A la différence de sa grand-mère, qui n'avait pas une tendresse exagérée pour l'alcool, Statler aime à s'imbiber copieusement. Ca l'aide - comme tant d'autres - à calmer ses angoisses - et Bacchus sait qu'il en a, des angoisses, quand encore ce ne sont pas des hallucinations ! Cason a aussi une tendance un peu autistique aux idées fixes et supporte mal que son ex-petite amie l'ait plus ou moins rejeté lorsqu'il s'est engagé. A-t-il des amis ? A Camp Rapture, pas beaucoup - ce sont surtout ses parents qui constituent ici son point d'ancrage, et aussi son frère, Jimmy, avec qui il entretient une relation d'émulation plutôt déstabilisante. A part ça, du côté de Tulsa, dans un bar mal famé mais bien garni, il y a son pote Booger, un ancien de la guerre d'Irak lui aussi doublé d'un parfait sociopathe (un peu dans le genre du Bubba de la série Kenzie/Gennaro de Dennis Lehane), sur qui il sait pouvoir compter en toutes circonstances - surtout dans les pires d'ailleurs. Un ami véritable, quoi.

A Camp Rapture, bien que la drogue et la délinquance aient fait les progrès d'usage, on ne peut pas dire pourtant qu'il se passe beaucoup de choses. La rubrique des chiens écrasés est vite remplie. Et pour songer à des chroniques plus consistantes, attractives parce que bien sordides, il faut vraiment se lever tôt - ce que Statler n'apprécie pas vraiment.

Evidemment, il y a cette affaire de disparition : Caroline Allison, une étudiante belle comme une déesse antique et intelligente comme Marie Curie (ou presque), s'est volatilisée dans la nature plusieurs mois auparavant. On n'a retrouvé que sa voiture, abandonnée au bord d'une route, avec, à l'intérieur, ses chaussures et le plat à emporter qu'elle avait acheté dans un snack. Ce n'est pas mal, comme histoire, ça et ça pourrait faire une chronique digne de ce nom. Statler part en chasse.

"Vierge de Cuir" est un roman puissant, mené tambour battant et avec un humour décapant par un Lansdale en grande forme, qui sait user du gore sans en abuser et qui nous donne ici le fruit de ses réflexions sur la formation des tueurs en série. Apparemment, l'écrivain américain penche pour l'hypothèse d'une âme assassinée dans l'enfance par des parents ou des proches sans scrupules et dont la disparition laisse une coquille déshumanisée, totalement dépourvue de conscience.
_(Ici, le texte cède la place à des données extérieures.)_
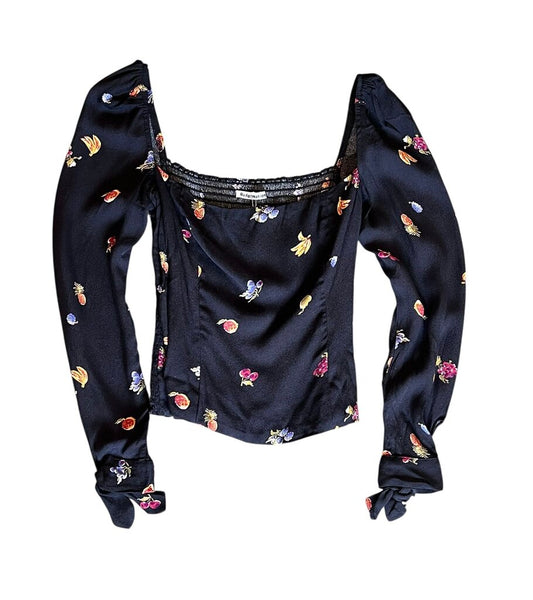 Reformation Cropped Floral Blouse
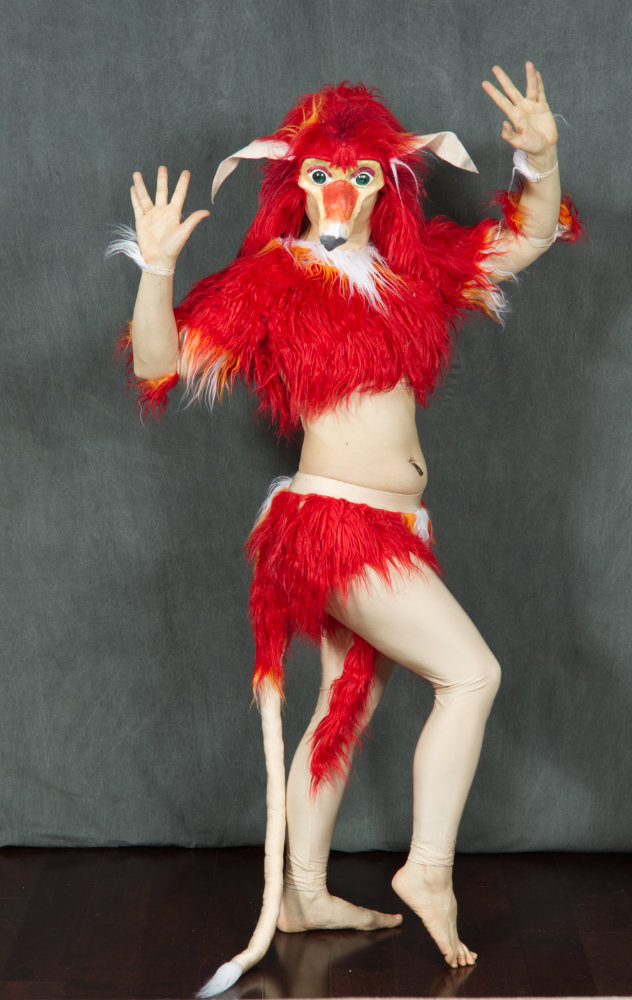 Firey Side 0108 a belly dance cosutme made to look like a Firey from the movie Labyrinth. The bottoms are made from a basic legging pattern.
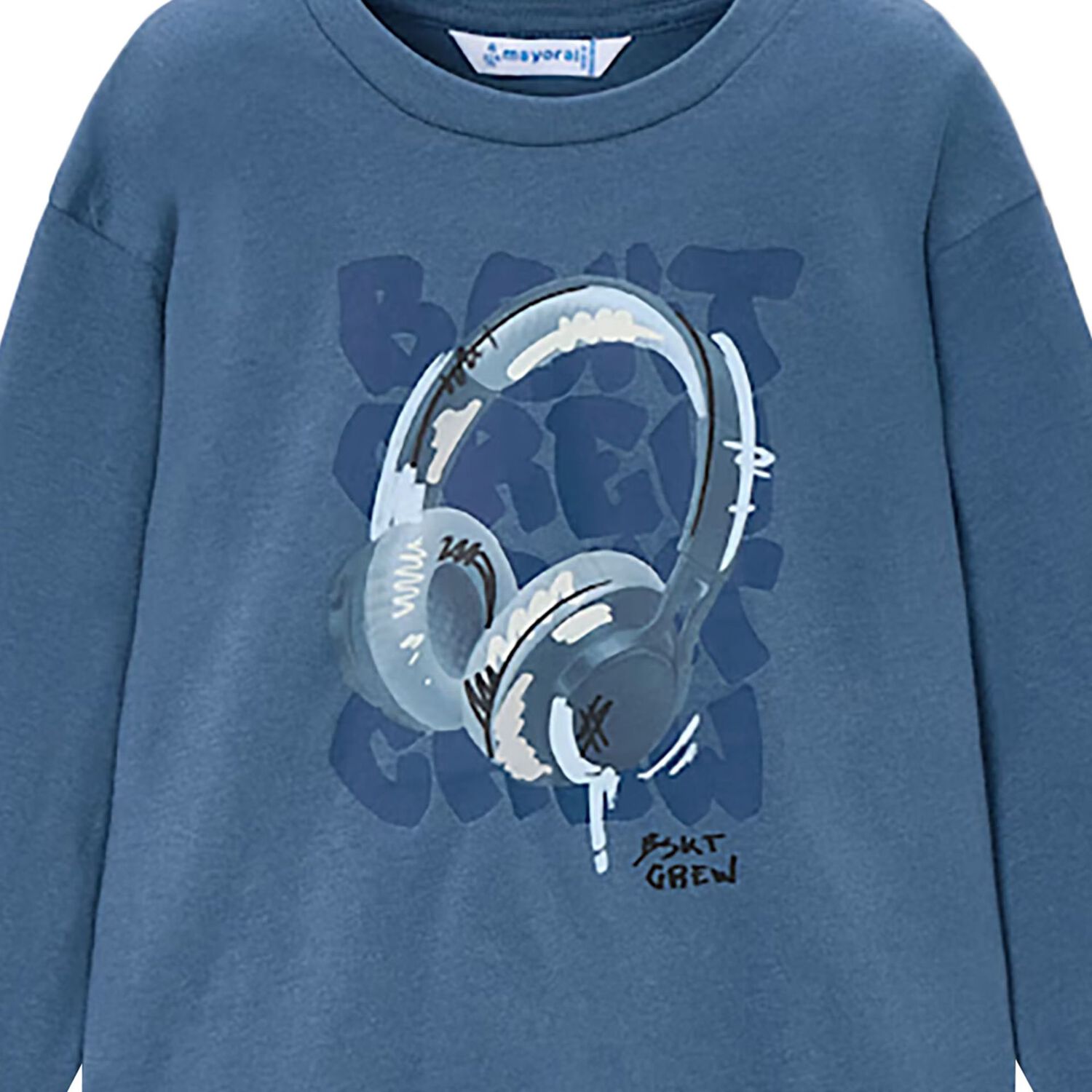 Boys Blue Headphone Long Sleeve Top, 3, hi-res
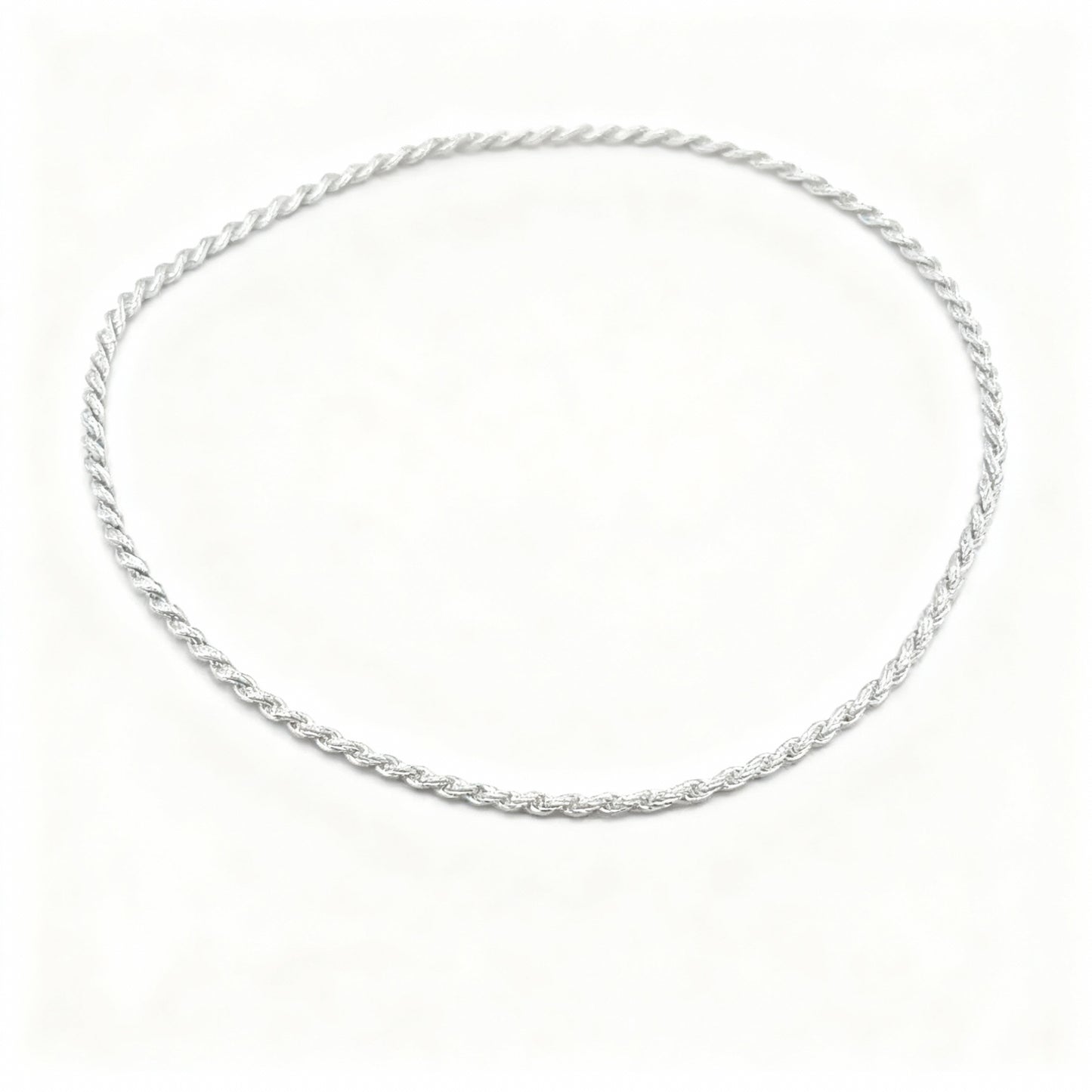 CORRENTE CORDÃO BAIANO PRATA 925 BANHO EM RÓDIO 50CM- 10G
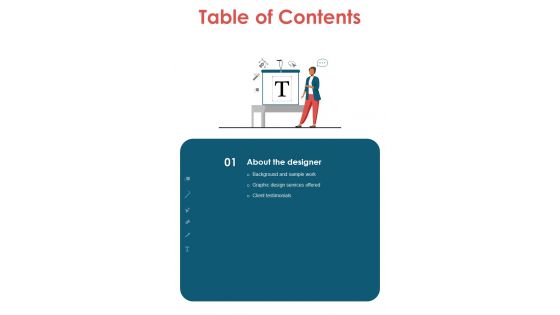 Table Of Contents Visual Design Services Proposal One Pager Sample Example Document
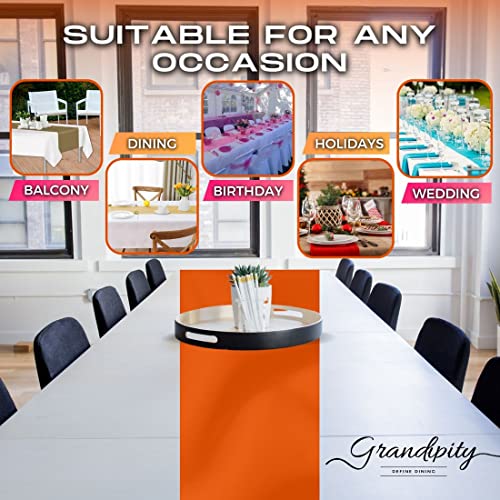 Orange 12 Pack Premium Disposable Plastic Table Runner 14 X 108 Inch. Table Runner For Dinner Parties & Events By Grandipity #TOP3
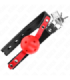 KINK - MORDAZA DE BOLA 4 CM DURA HUECA ROJO CORREA NEGRA 60 x 2 CM AJUSTABLE 37-52 CM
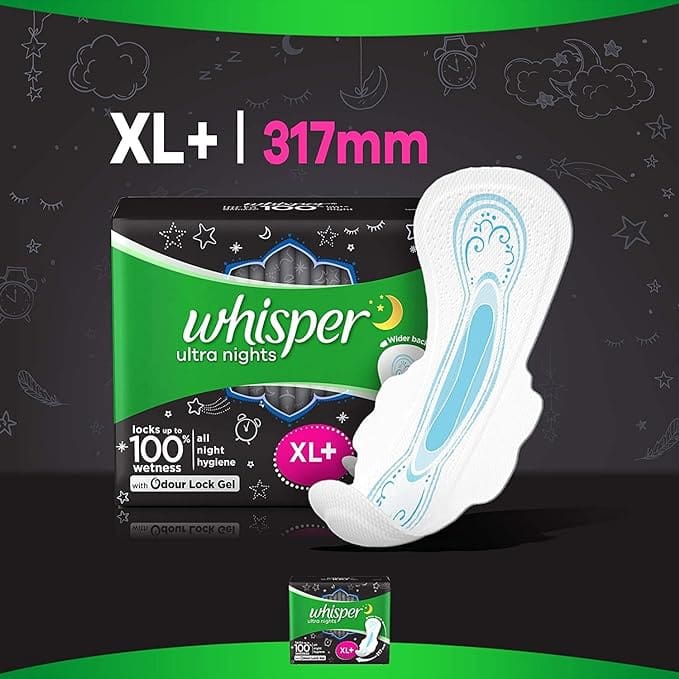 Whisper Bindazzz Night Sanitary Pads| Pack of 15 thin Pads| XL+| upto 0% Leaks|40% Longer & Wider back| Dry top sheet| Long lasting coverage| Faster absorption|31.7 cm Long| With disposable wrap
Le seul bémol que je mettrai à cette partition de grand style concerne le mentor du tueur, lui-même assassin bien sûr mais dont, en définitive, Lansdale nous dit peu de choses - trop peu à mon goût.

Pour le reste, c'est de l'excellent polar. Allez-y de confiance mais n'oubliez pas que Lansdale ne mâche pas ses mots et que son style risque donc - parfois - de choquer les lecteurs délicats.